Are you currently renting and thinking about buying? Perhaps you would prefer to be paying a mortgage for a home you will eventually own rather than ‘wasting your money’ on rent ?

Rents are currently falling in Dublin but rising everywhere else.  According to the latest report (February 2021) from www.daft.ie  the average monthly rent in Dublin was rent in Dublin was € 1,414 – 0.9% higher than the previous year. For this sum of money over 35 years at 2.35% ( best 3 year fixed rate in Ireland on 90% loans ) you could pay a mortgage of € 405,000 BUT to justify this mortgage amount you would need a joint income in excess of  €  115,700 ! And simply paying this rent on a monthly basis for the last one or more years will not guarantee the lender that you have the continuing ability to pay back a mortgage. So buy or keep renting ? John Lowe of MoneyDoctors.ie discusses 5 important considerations :

  1. Current rent – would you be better off converting your monthly rent into a mortgage repayment ? Your monthly rent WILL help toward establishing an ability to repay especially if the mortgage you are going to apply for has repayments less than your current rent. Rent together with any additional savings will confirm that ability.
  2. Costs – rent normally includes building insurance, Local Property Tax, maintenance, repairs, gardening ( if there is one ) and all furnishings.

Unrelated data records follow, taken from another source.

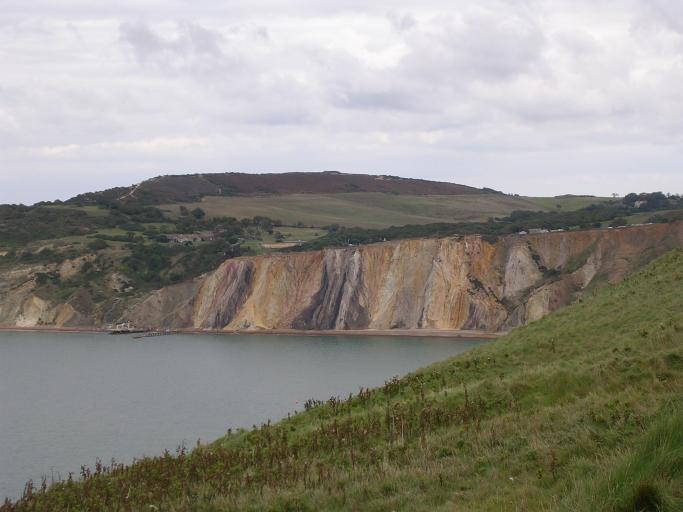 Alum Bay cliffs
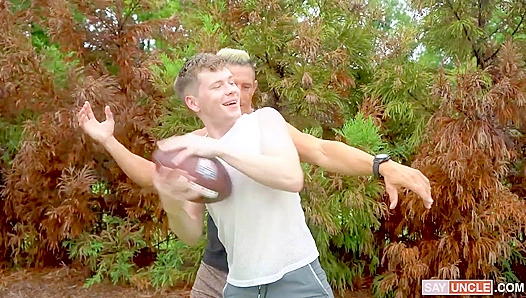 Stepdad Jax Thirio Cares for Horny Stepson Damian Rose - Familial Cock Craving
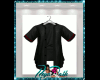 *D* Black,Open Shirt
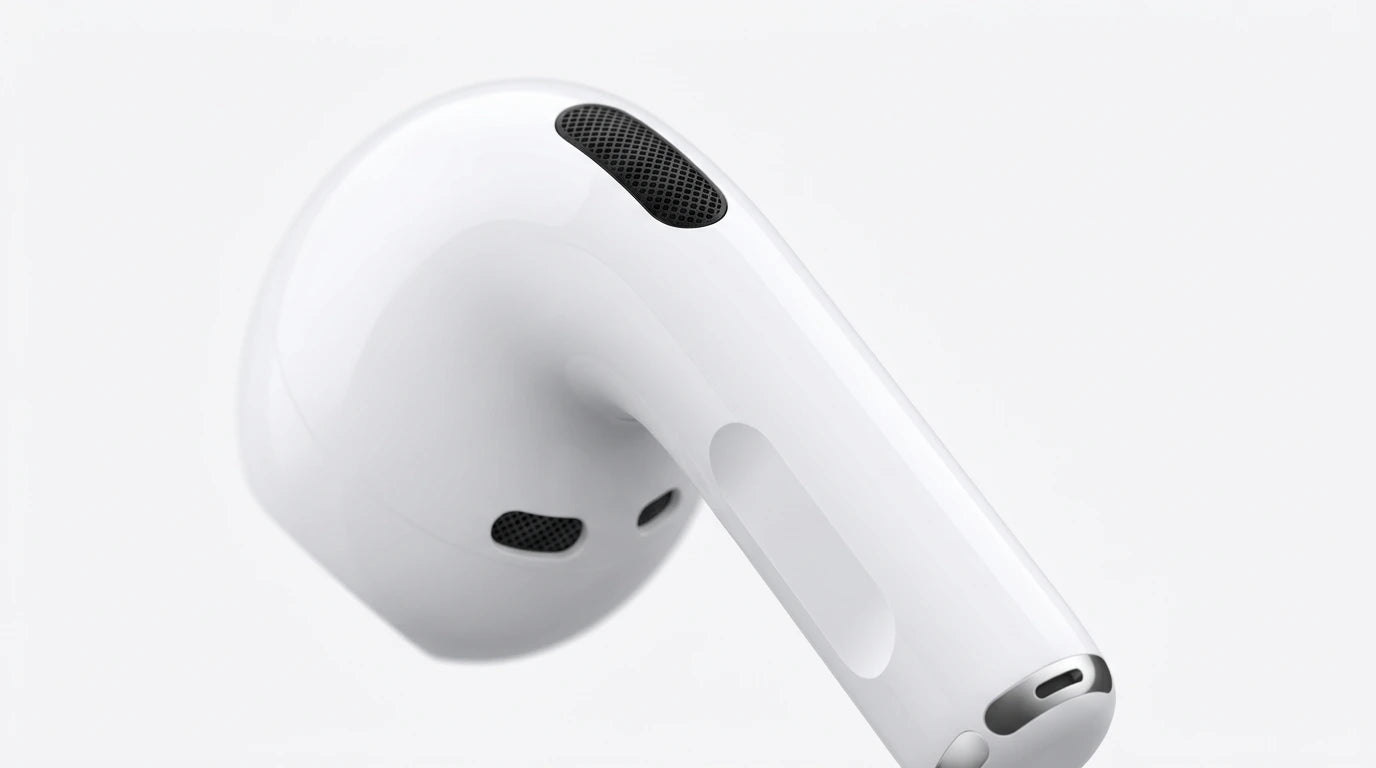 next gen electronics shop. premium tech accessories Canada. New Apple Original AirPods 3 Gen. Gallery image 9. Lines name one specific SKU—never substitute a generic lookalike from the category. After review passes, each render should still read as a fresh studio viewpoint of that same physical unit.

Buying your own place you have all these costs and should be factored in to the comparison plus other costs such as legals, stamp duty, valuation.. then once you own it, the internal costs… utilities ( electricity, gas, TV license etc ), bin charges, housing association expenses etc. Doing a pre-budget is essential.
  3. Lifestyle – are you at a stage in life where planning your financial life needs to start sooner than later ? What is your top financial priority NOW ? Do you want the responsibility and all that goes with that of owning a home NOW ? Does your work keep you in one place where it again might make sense to buy your own place especially during these pandemic times ? The risk of course is that the property you buy may not be worth what you paid for it when you come to sell it. The 2008 recession is proof of that. All investment is based on the return being made with the exception of your home… you need somewhere to live.
  4. Income – all lending is based on the ability to repay. You might have a property worth € 500,000 and looking to borrowing only € 100,000 but if you do not have the income to repay that loan, no lender will approve that application. Under Central Bank guidelines, applicants can only borrow up to 3½ times annual gross income whether single or joint application. Other considerations are overtime, bonuses and dividends/profits. Employment has to be permanent – so no probation period or PUP/EWSS payments. You will also need to have a good credit history…no missed payments plus a well conducted current account. Check with the Irish Credit Bureau ( icb.ie ) or www.centralcreditregister.ie – it’s free and only takes a couple of days.
  5. Savings – not only will you require at least 10% of the purchase price of your new home ( if you qualify for the Help to Buy Scheme on new or self- build homes where your last 4 years’ income tax and DIRT tax paid may determine the grant up to 10% or € 30,000 – whichever is the lesser – and a maximum purchase price of € 500,000 – so effectively you could receive € 30,000 on a new home costing € 300,000 and therefore only requiring the ancillary costs – valuation, stamp duty, legal fees plus outlay + VAT ) and moving in costs, but you will also be required to have a saving ethic established – at least 6 months saving record – so the new monthly mortgage repayment does not come as a complete shock to you.

Whatever you do, take professional advice and start on the path to owning your own home.